Devotado à busca metódica do processo, desvinculando-se da “idéia de acabar” (T. S. Eliot criticou Paul Valéry por estar “profundamente preocupado com o problema do processo, de como é feito o poema, mas não com a questão de como é relacionado ao resto da vida”), o poeta francês encontrou em Stéphane Mallarmé, quase 30 anos mais velho, o modelo extremado de experimentação com o texto poético. E decretou: “Mallarmé compreendeu a linguagem como se ele a tivesse inventado.” No ensaio “Mallarmé Segundo Valéry” – reproduzido de A Metáfora Crítica (1974) –, João Alexandre Barbosa faz a análise da relação fascinante entre mestre e discípulo, aparentemente invertida: pois o mestre teria produzido a obra inovadora (a exemplo de “Um Lance de Dados”, que rompeu com a tradição do verso), enquanto o discípulo permaneceu atrelado à forma clássica, racionalizando somente no ensaio o vigor e as implicações que haviam sido demonstradas naquela poesia.
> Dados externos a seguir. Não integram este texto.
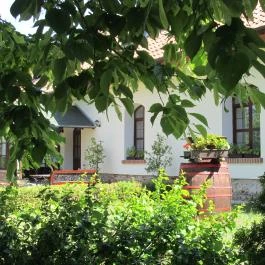 Józsi Bácsi Szállodája & Vendéglője Szombathely - Külső kép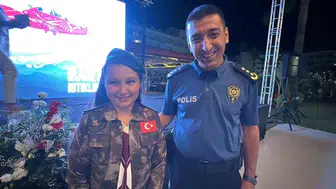Şehit halasının izinden giden 10 yaşındaki Gülşah polis üniforması giydi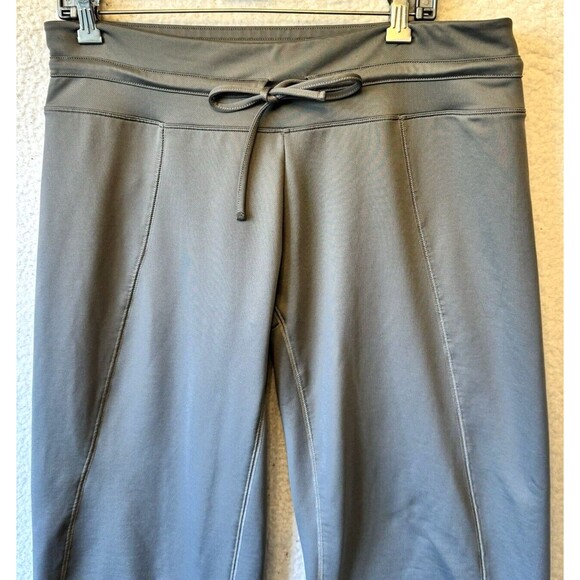 Nike Pants Women Large 12-14‎ Gray Legging Cropped Stretch Pull On Fit Dry - Picture 3 of 10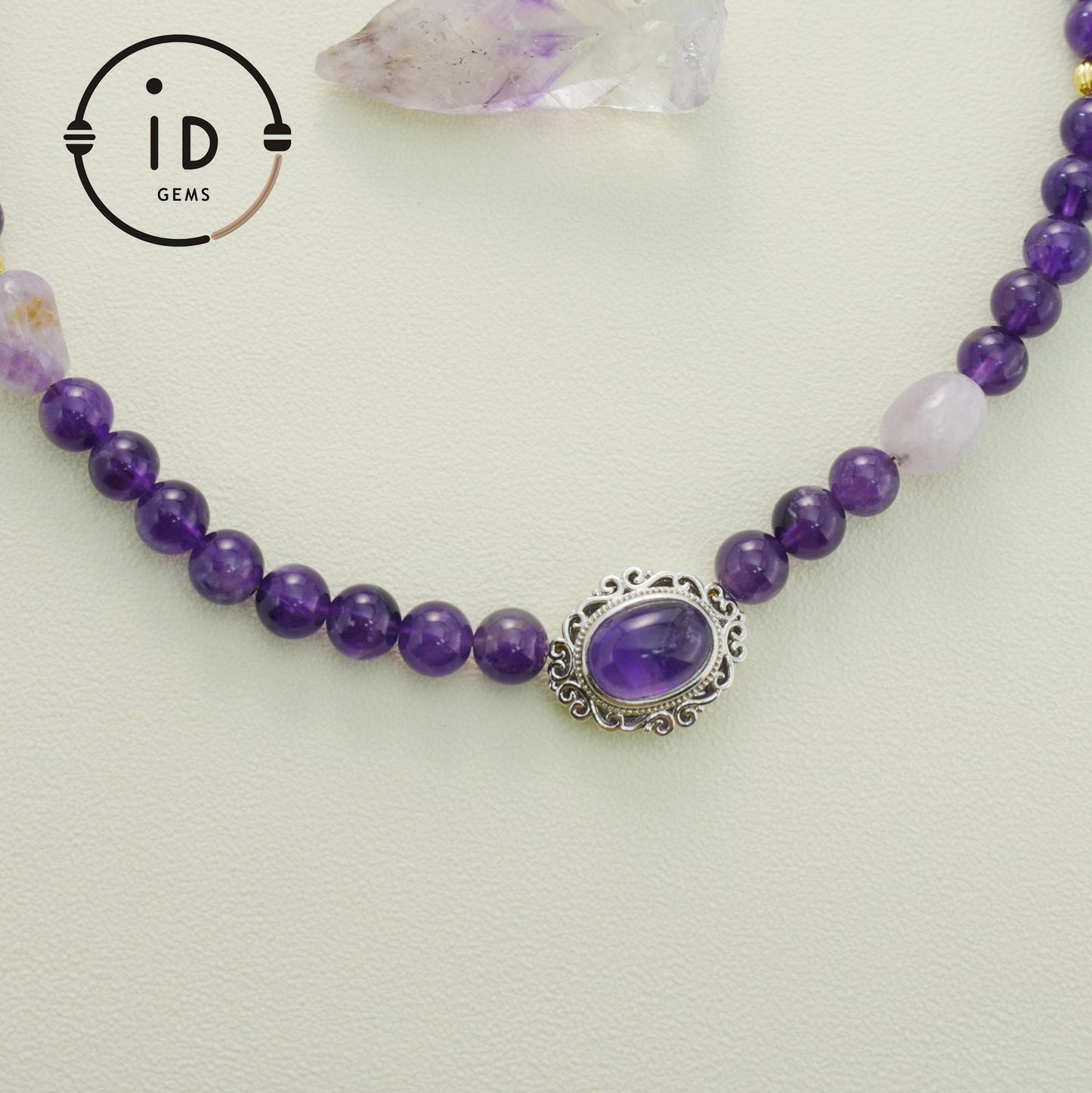 Große natürliche violette handgefertigte Perlenkette | Strukturierte Amethystperlen | Vintage-Silberanhänger | Spiritueller Heilstil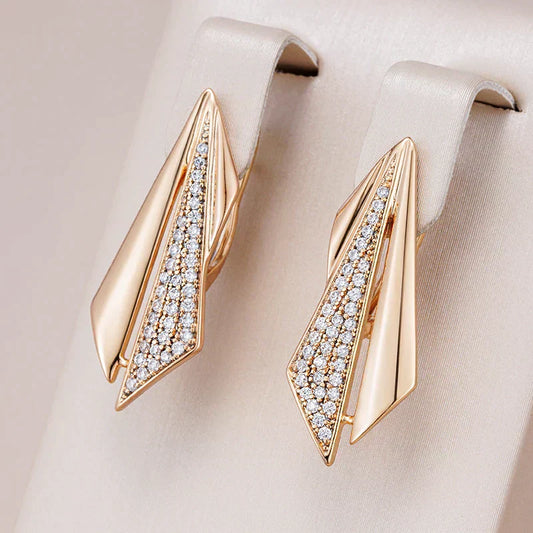 Stylische Goldohrringe mit glitzernden Zirkonien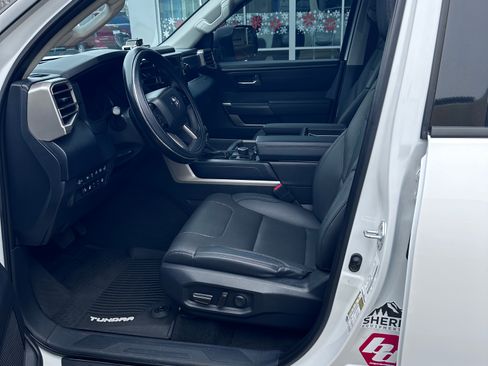 Used 2022 Toyota Tundra SR5 image 16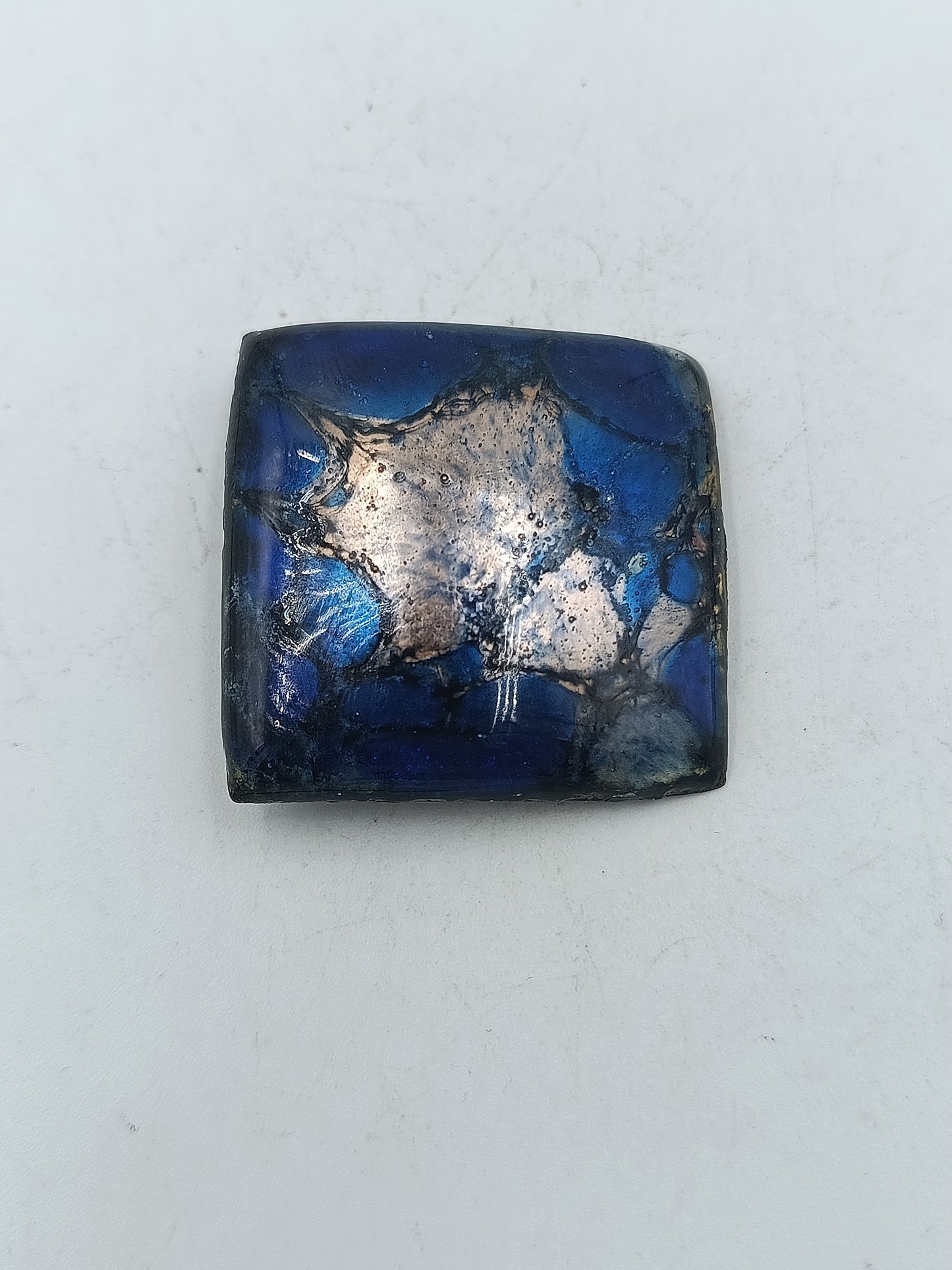 Quadratische Vintage Brosche blau kupferfarben Emaille Raku Stil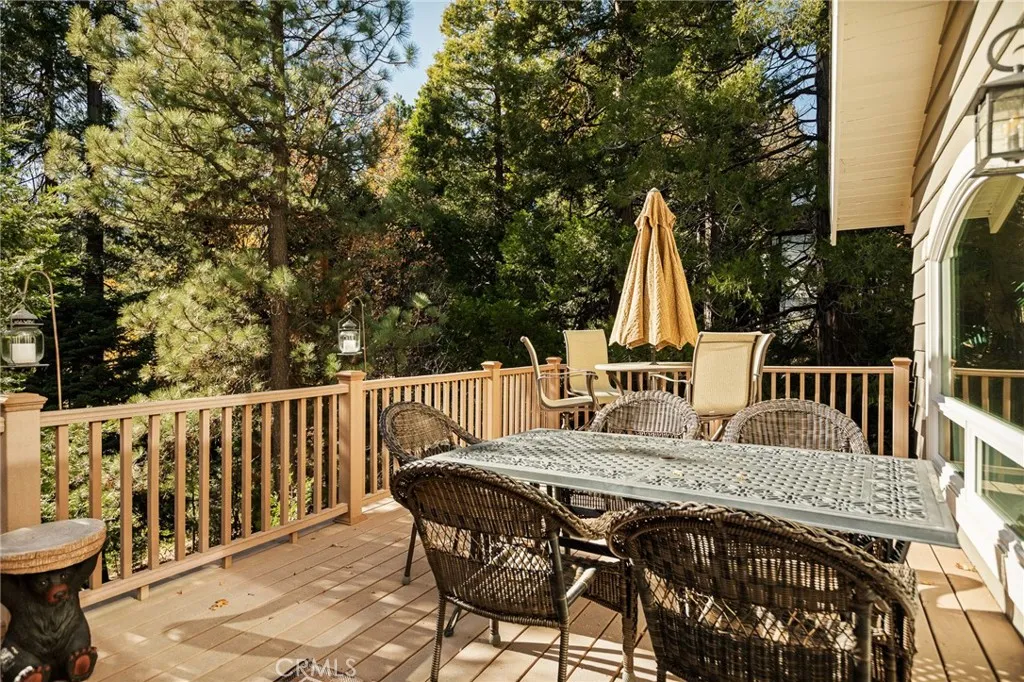 174 Hillcrest Court, Lake Arrowhead, California 92352 home-pic-13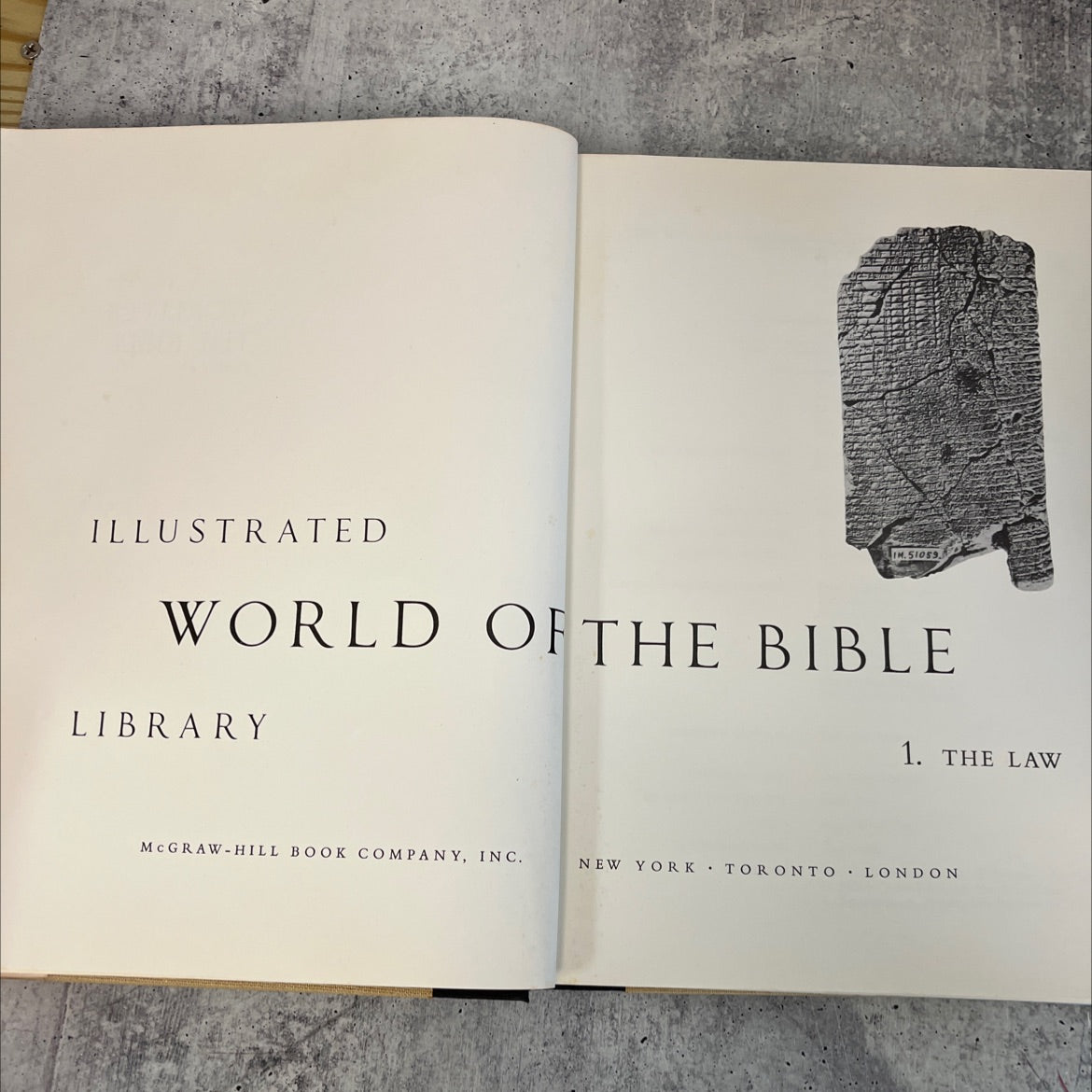 Illustrated World of The Bible  - the law book, by unknown, 1958 Hardcover, Vintage image 2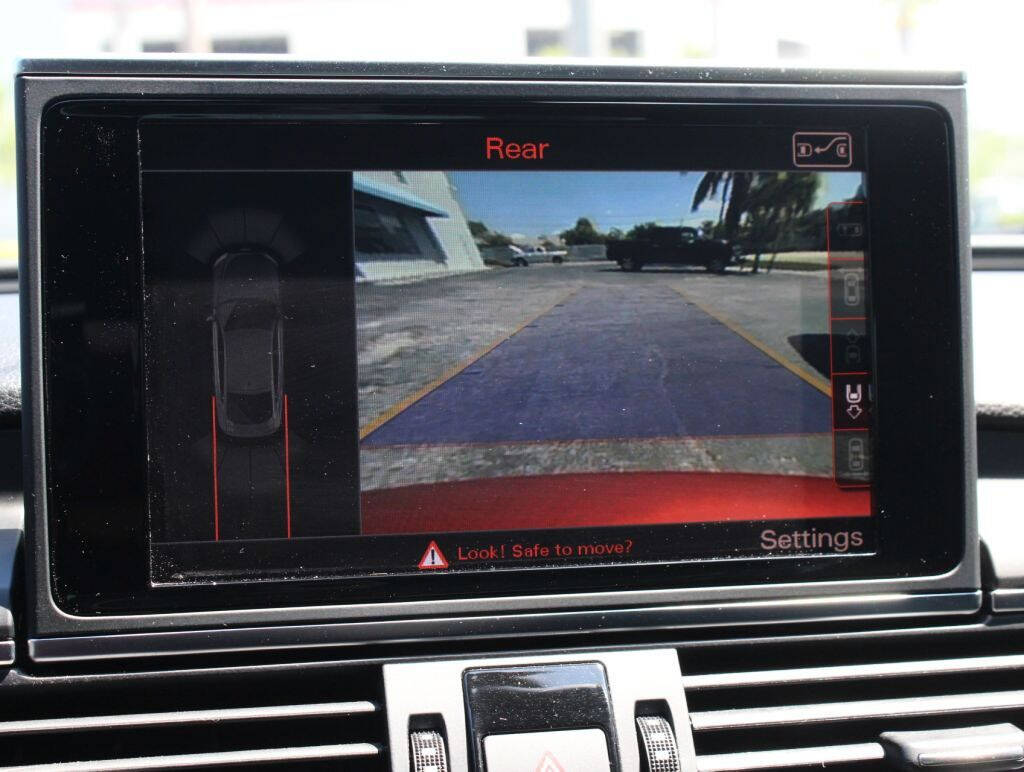 2014 Audi S7  - $36,995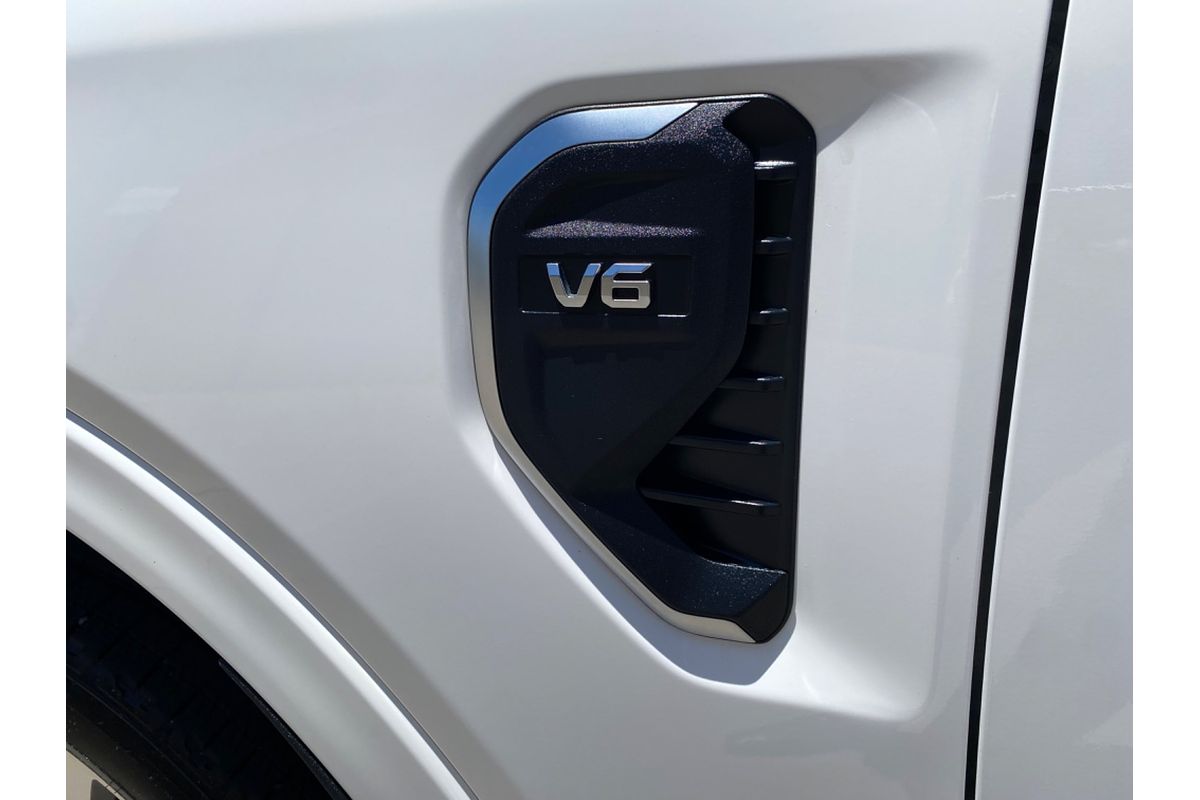 2023 Ford Everest Platinum
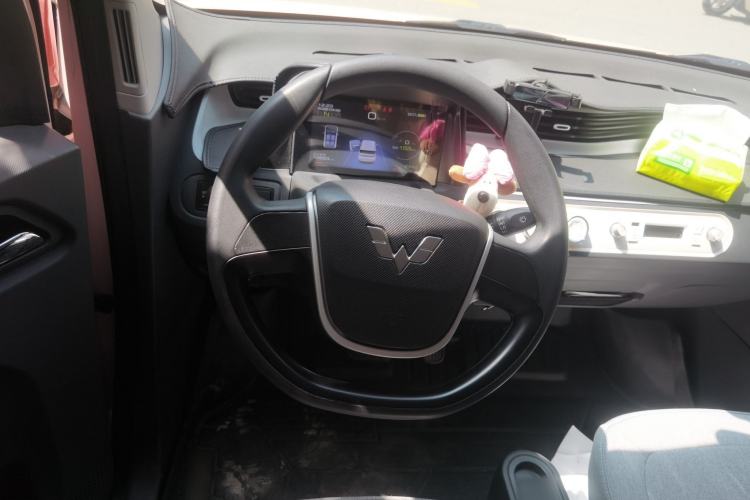 Used Wuling Hongguang MINIEV 2022 Macaron Premium Model – Lithium Iron Phosphate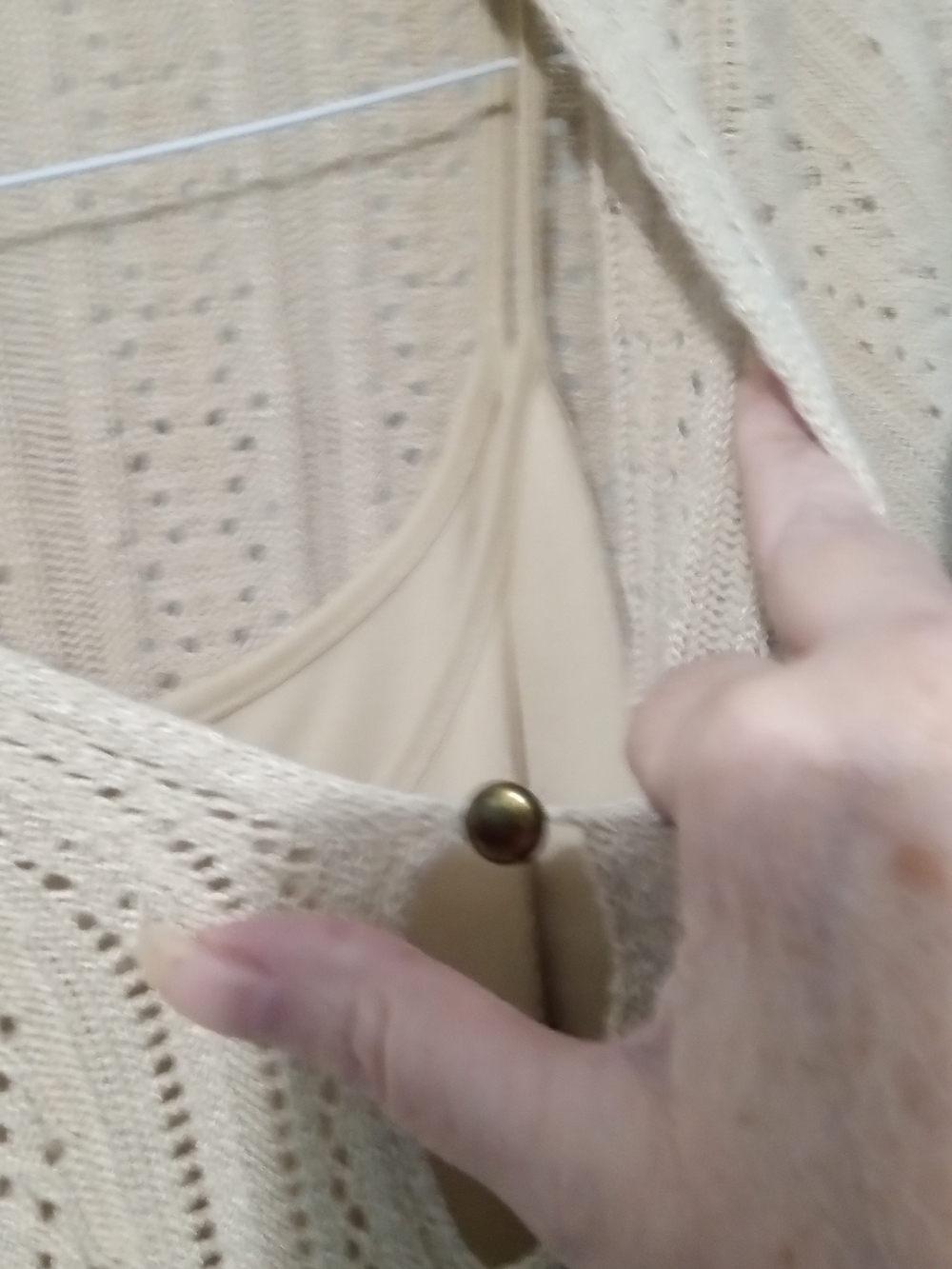 Dana Buchman Beige Eyelet V-Neck Knit Sweater - Picture 4 of 6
Na obra poética, portanto, Paul Valéry é o discípulo ultrapassado – provavelmente porque, como artista, não ousava comprometer-se com o processo de recusas e a imposição de limites entre o silêncio e a autodestruição. Permaneceu lúcido, inteligente e clássico. Mas não para todos: é conhecida a opinião de Edmund Wilson, em O Castelo de Axel (1931), de que os ensaios de Paul Valéry não trazem “uma grande riqueza de idéias”, apenas “a representação de uma situação intelectual, e não o desenvolvimento de uma linha de pensamento.” Nessa percepção, o rigor artístico proclamado pelo poeta e filósofo surge “graças a alguns procedimentos estilísticos, e não a uma qualidade da sua lógica.” Superdiletante e esnobe, Paul Valéry não teria contribuído para avançar os estudos de filosofia da linguagem, mas favorecido “uma espécie de misticismo estético” capaz de ser aplicada somente a Stéphane Mallarmé e a alguns simbolistas, incluindo-se o próprio Paul Valéry. Em “As Contradições Estéticas de Paul Valéry”, Georges Mounin salienta a maior delas: as duas respostas à pergunta “para que serve a poesia?”, nas quais a poesia ora é uma “produção puramente inútil”, ora tem a utilidade de ensinar “que não tínhamos visto o que tínhamos visto”...

Para o bem ou para o mal, o poeta de “O Cemitério Marinho” contribuiu fortemente para consolidar Stéphane Mallarmé como a figura central da modernidade – tal como fez Hugo Friedrich em Estrutura da Lírica Moderna (1956), quando tratou da transcendência vazia, do puro movimento da linguagem e da ausência de fins comunicativos. Mas nenhum desses autores e nenhum desses aspectos são mencionados por João Alexandre Barbosa em A Comédia Intelectual de Paul Valéry . Como já se comentou à época da publicação de Alguma Crítica ( JB , 17.08.2002), a obra do estudioso brasileiro é constituída de “ensaios de admiração”, que tratam de escritores sobre os quais não é feita qualquer restrição. Provavelmente, uma futura coletânea dos estudos que dedicou a João Cabral de Melo Neto também reforce tal percepção, aplicada a um crítico que preferiu reunir seus papéis avulsos em vez de tratar de um autor ou de uma obra em livro planejado.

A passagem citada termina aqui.